TASK ITEM: Restate word for word the section of the entries that opens at the line containing "Fototapeta premium A" and closes at the line containing "BOBOKATEER Casual Winter", both lines kept, pictures dropped.

Captioned web images:
_ _ _
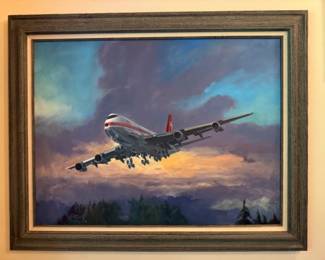1986 Original Signed Fetterly Swissair Plane Painting - 47x38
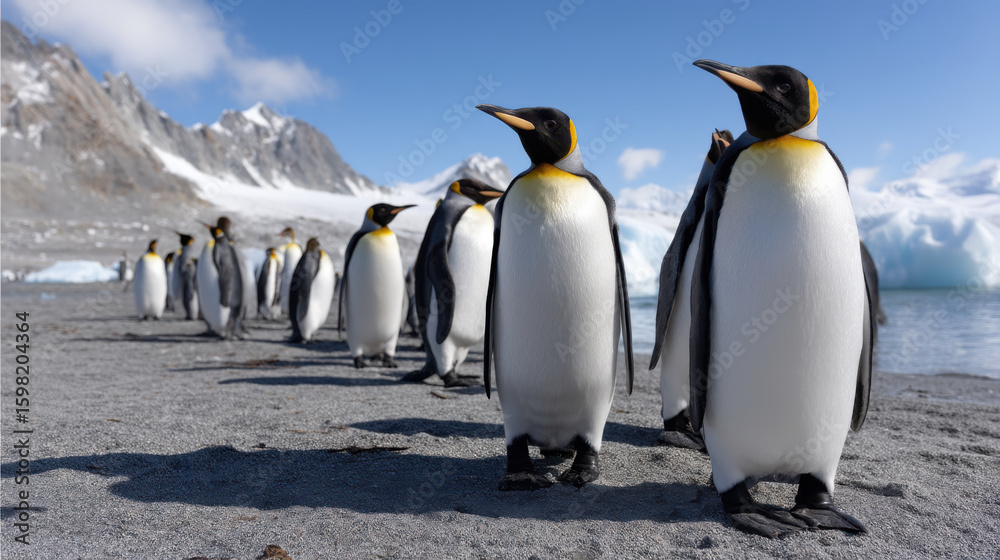 Fototapeta premium A panoramic view of king penguins scattered across a wide sandy beach, with icebergs floating in the background. 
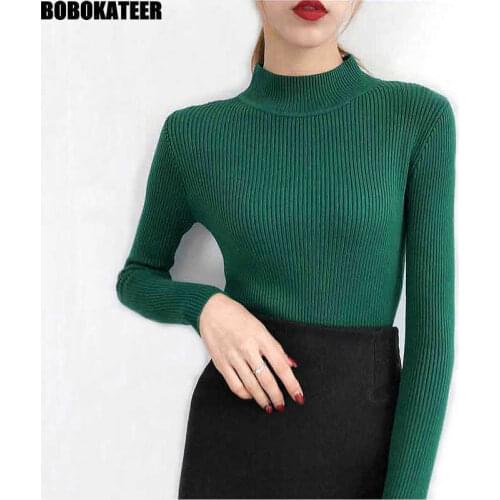 BOBOKATEER Casual Winter Clothes Knitted White Half Turtleneck Sweater Women Pullover Female Black Pull Jumper Tops Fall 2020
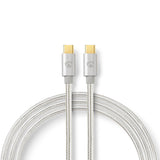 Cable USB | 2.0 Type-C Macho 480 Mbps 100 W Chapado en oro 2.00 m Redondo Nylon / Trenzado Plata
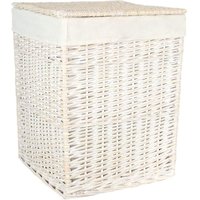 Red Hamper Cotton Lined Square White Wash Laundry Basket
_ _ _
ANSWER TO THE EXERCISE:
 Fototapeta premium A panoramic view of king penguins scattered across a wide sandy beach, with icebergs floating in the background. 
 BOBOKATEER Casual Winter Clothes Knitted White Half Turtleneck Sweater Women Pullover Female Black Pull Jumper Tops Fall 2020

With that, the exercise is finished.